■ Data records:
+++

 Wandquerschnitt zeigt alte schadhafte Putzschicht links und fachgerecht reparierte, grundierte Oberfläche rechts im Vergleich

+++

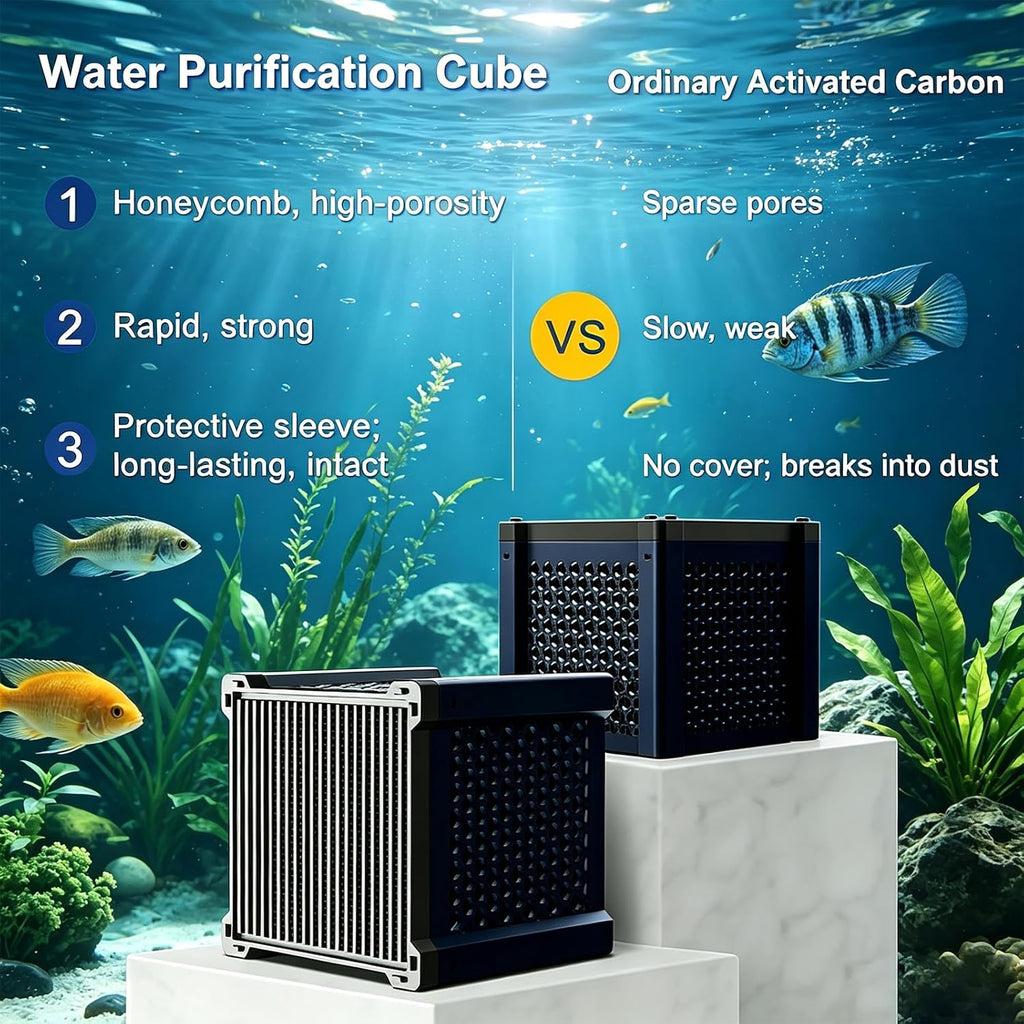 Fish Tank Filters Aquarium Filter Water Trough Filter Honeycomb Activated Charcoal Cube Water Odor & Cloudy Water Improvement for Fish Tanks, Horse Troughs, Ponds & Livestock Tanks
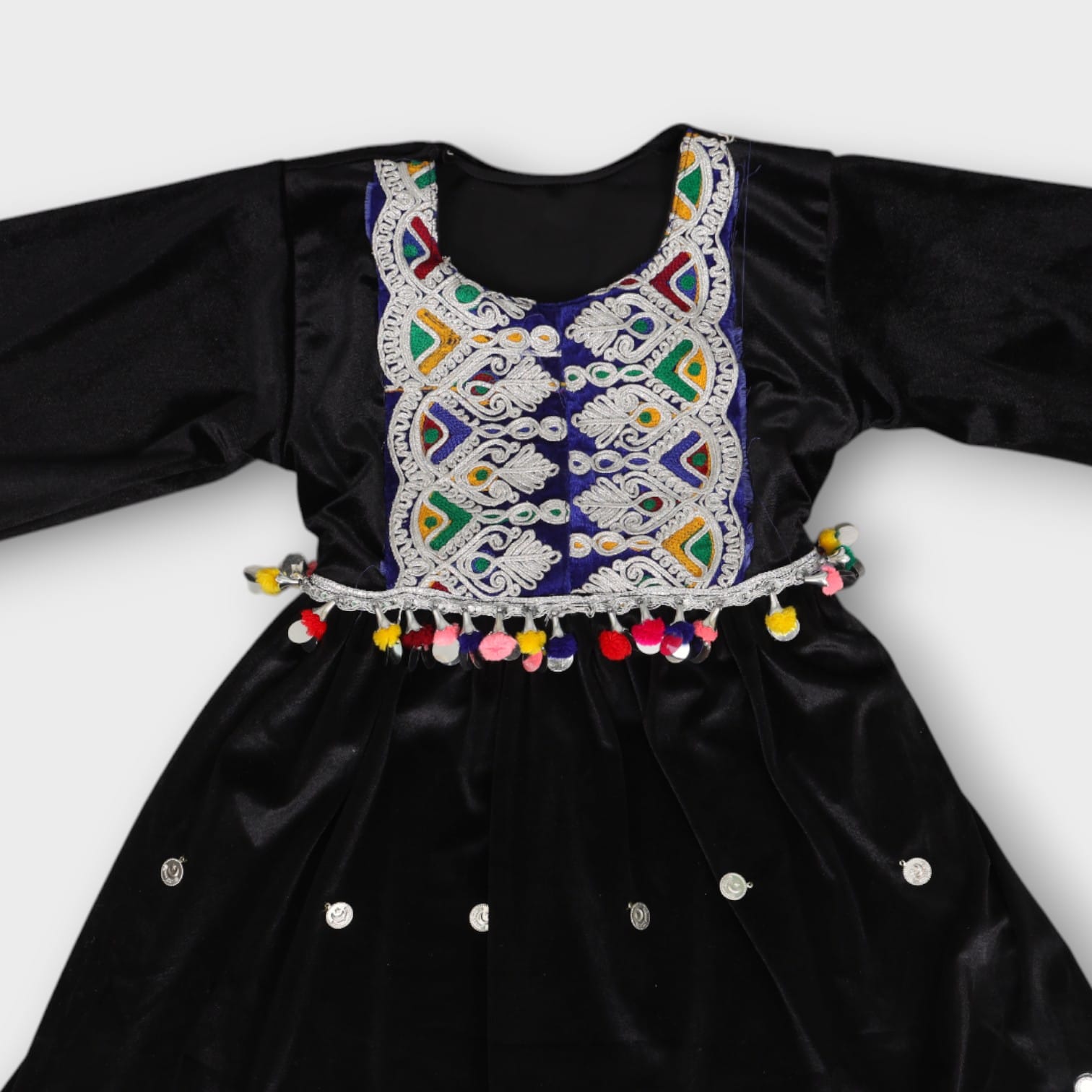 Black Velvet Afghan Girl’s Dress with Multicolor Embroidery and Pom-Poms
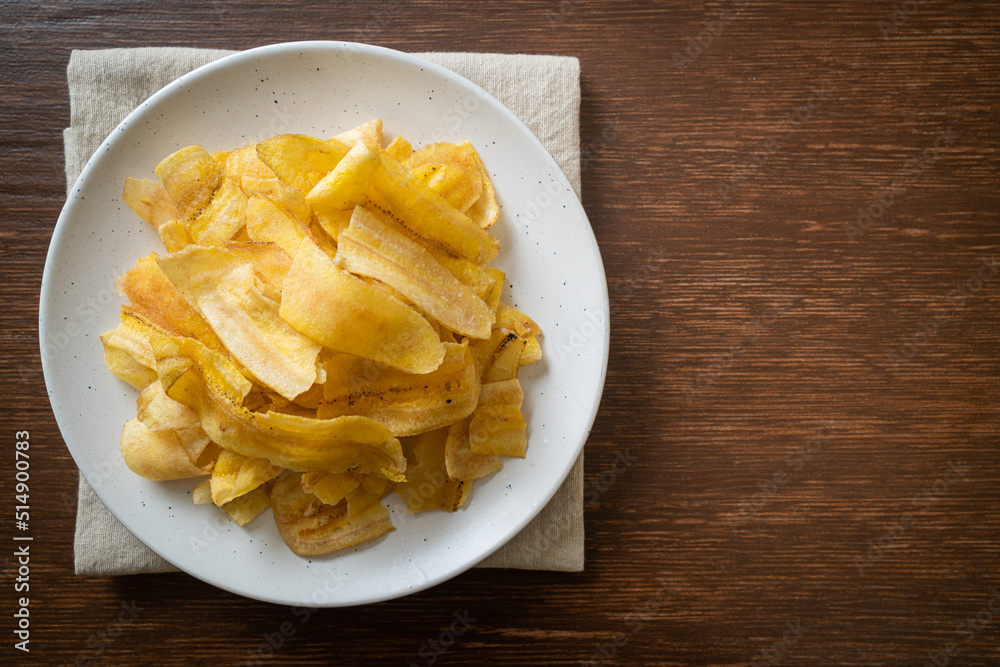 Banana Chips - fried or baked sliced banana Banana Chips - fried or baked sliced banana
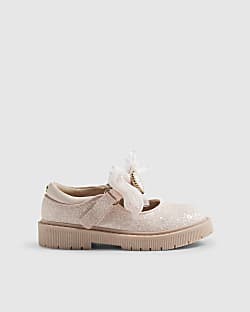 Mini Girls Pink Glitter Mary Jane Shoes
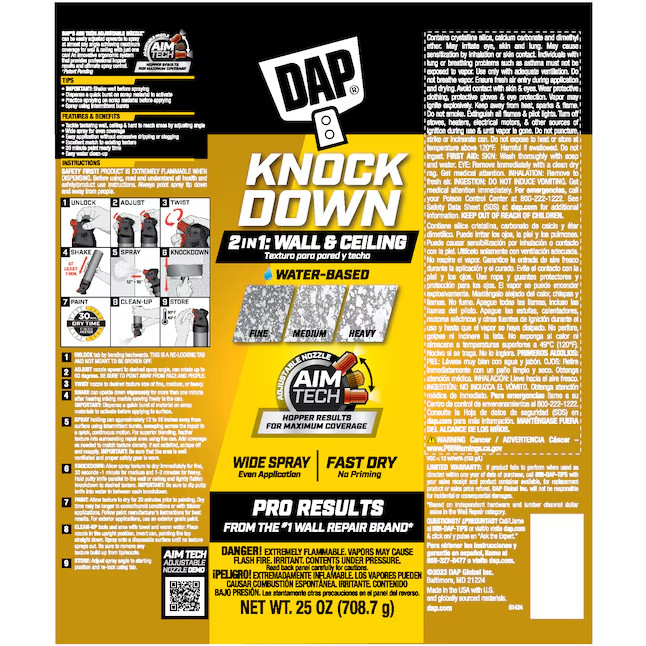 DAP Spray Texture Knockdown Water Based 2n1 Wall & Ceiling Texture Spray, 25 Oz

+++

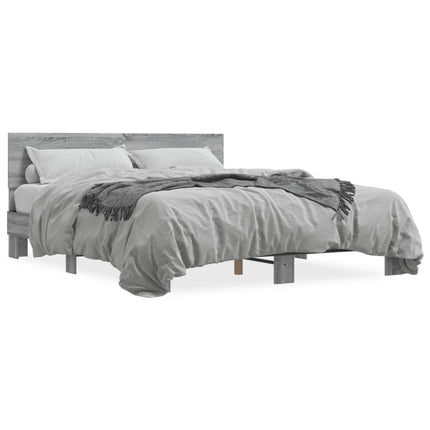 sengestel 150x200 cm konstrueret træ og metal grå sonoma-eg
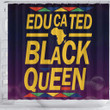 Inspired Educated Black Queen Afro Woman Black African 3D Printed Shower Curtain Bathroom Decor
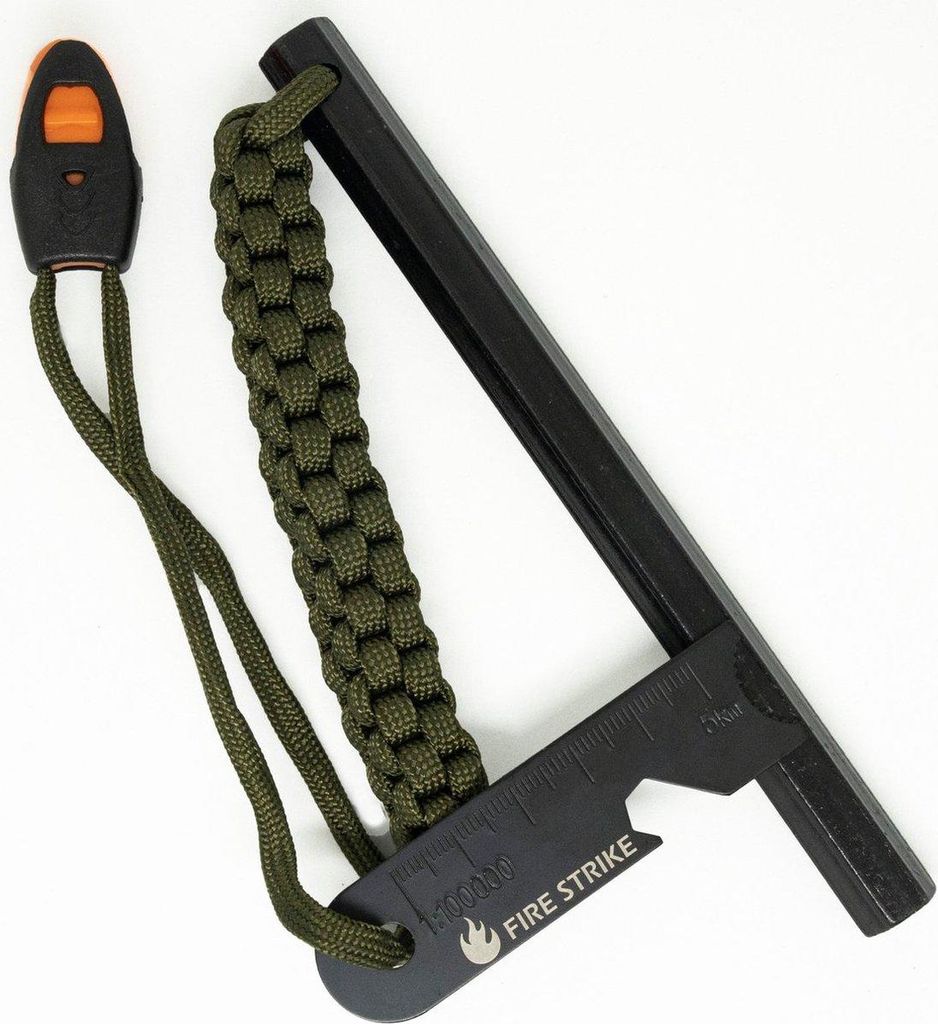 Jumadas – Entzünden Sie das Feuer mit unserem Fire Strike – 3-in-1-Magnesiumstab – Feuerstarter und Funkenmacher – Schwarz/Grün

+++

■ What you will do:
Starting at the line above that contains "Inspired Educated Black", transcribe every line exactly through the line that contains "Jumadas – Entzünden", including that last one, and skip the pictures.

■ Exercise solution:
 Inspired Educated Black Queen Afro Woman Black African 3D Printed Shower Curtain Bathroom Decor
 Jumadas – Entzünden Sie das Feuer mit unserem Fire Strike – 3-in-1-Magnesiumstab – Feuerstarter und Funkenmacher – Schwarz/Grün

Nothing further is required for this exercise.